[논문 요약] Automatic I/O stream management based on file characteristics
Conference
Hotstorage’21
Authors
Yuqi Zhang, Ni Xue, Yangxu Zhou
Idea
File types
- Append-only
- Only be written sequentially
- Invalid only after the file is deleted
- Lifetimes of write-ahead logs are obviusly shorter than the lifetimes of data files
- Inplace update
- Random writes
- The data files of relational databases (MySQL, PostgreSQL)
- The files exists for a long time
- The data files are created or deleted when the tables are created or deleted
- The update frequencies of data in the same table are similar, while those in different table files are different
Scheme
- File monitor
- Information of all opened files (except read-only) by the tool (e.g. inotify)

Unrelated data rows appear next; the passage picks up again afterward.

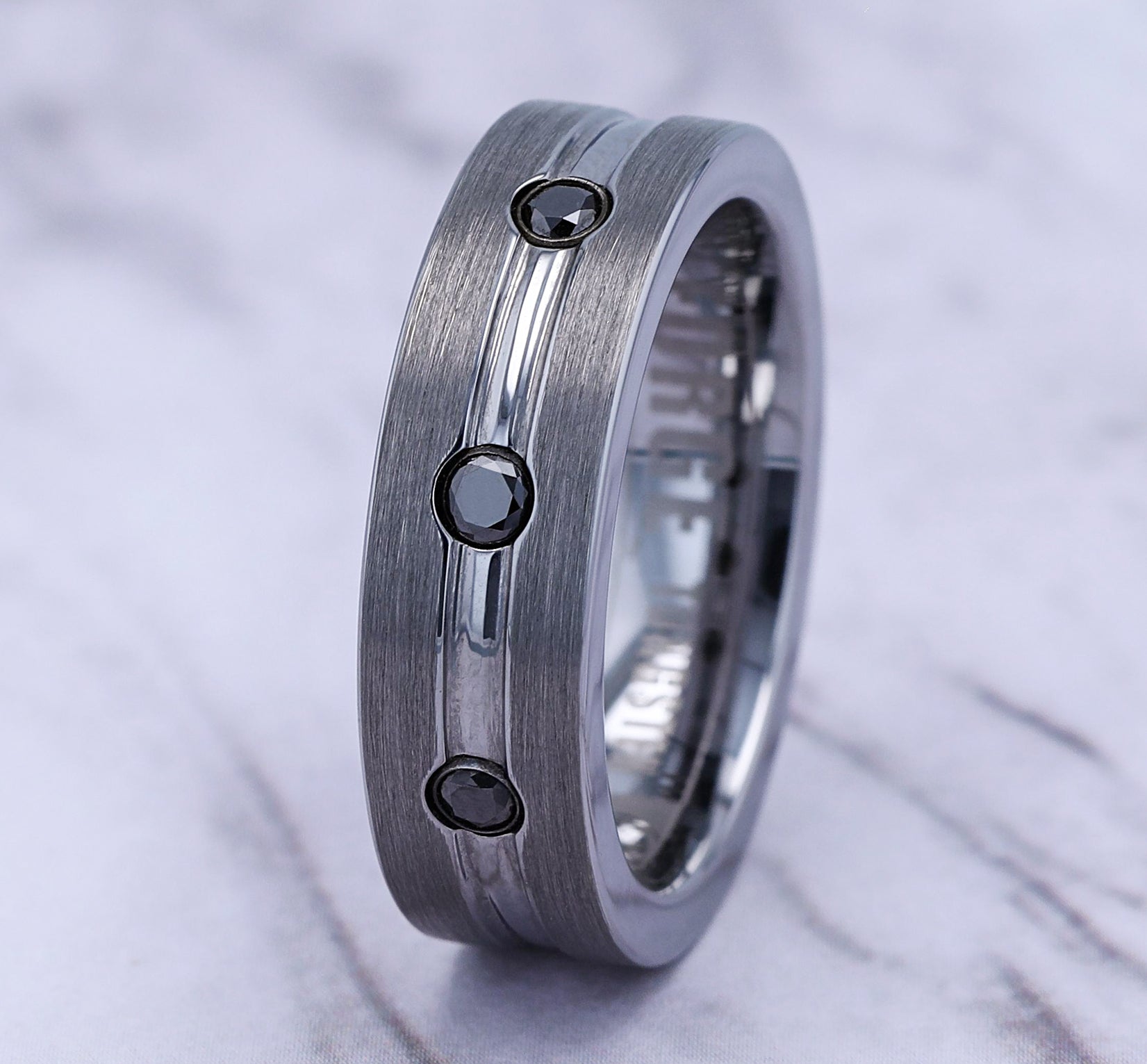 THE QUINCY 7mm, Comfort fit, Tungsten, Satin center, polished double center cuts with black diamonds, 3 burnish set black diamonds, Carat weight is .20ct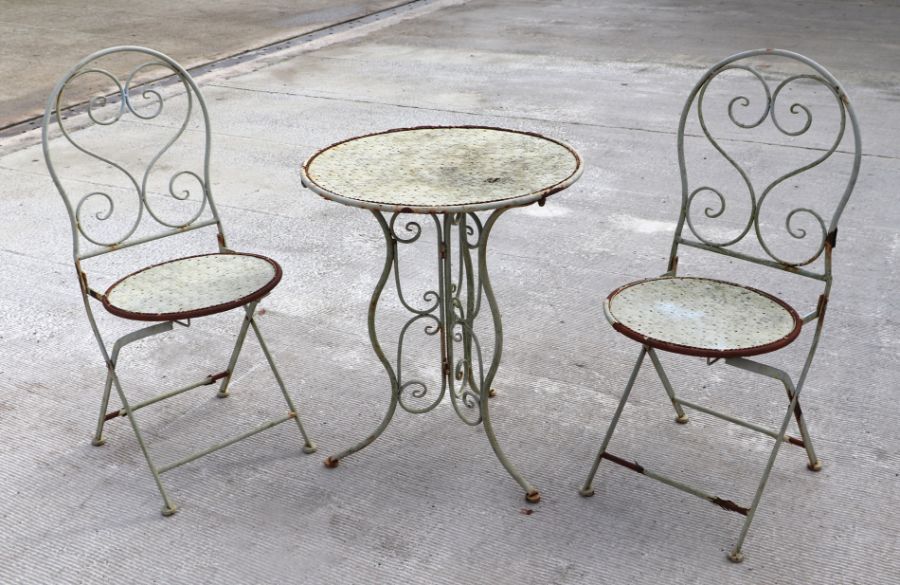 A French style wirework three-piece patio set comprising table and two folding chairs (3).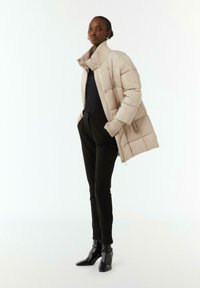 Beżowa puchowa kurtka ze wzorem pikowania z wysokim kołnierzem, ściągaczami na rękawach i zapięciem na zamek. W połączeniu z czarnymi spodniami i botkami za kostkę. Gładka tekstura.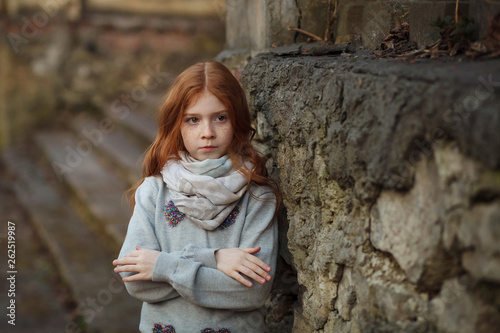 Fototapeta Naklejka Na Ścianę i Meble -  Portrait of a beautiful girl with red hair and freckles offended or angry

- Stores them in the file attribute table
- The information: inode number, name, size, the number of modifications, open time, close time, delete time
- The stream ID corresponding to each file is recorded in the file attribute table and submitted to the virtual file system (VFS)
- Mapper
- Assign a stream ID to the file when it is opened
- Minimizing the mixing of data between different files
- Consider files with the same parent path and extension as the same type of files
- Minimizing the lifetime difference between files written to the same stream
- Remapper
- If the files remain open for T seconds, the remapper is responsible for reassigning new stream IDs to the files with the extracted access characteristics
- The updated stream IDs only affect future writes
- K-means++
- Divider
- Dynamically allocates different stream IDs for the mapper and remapper
- IDs used by the mapper and the remapper are 1 to d, and (d+1) to N. The divider adjusts d every T seconds.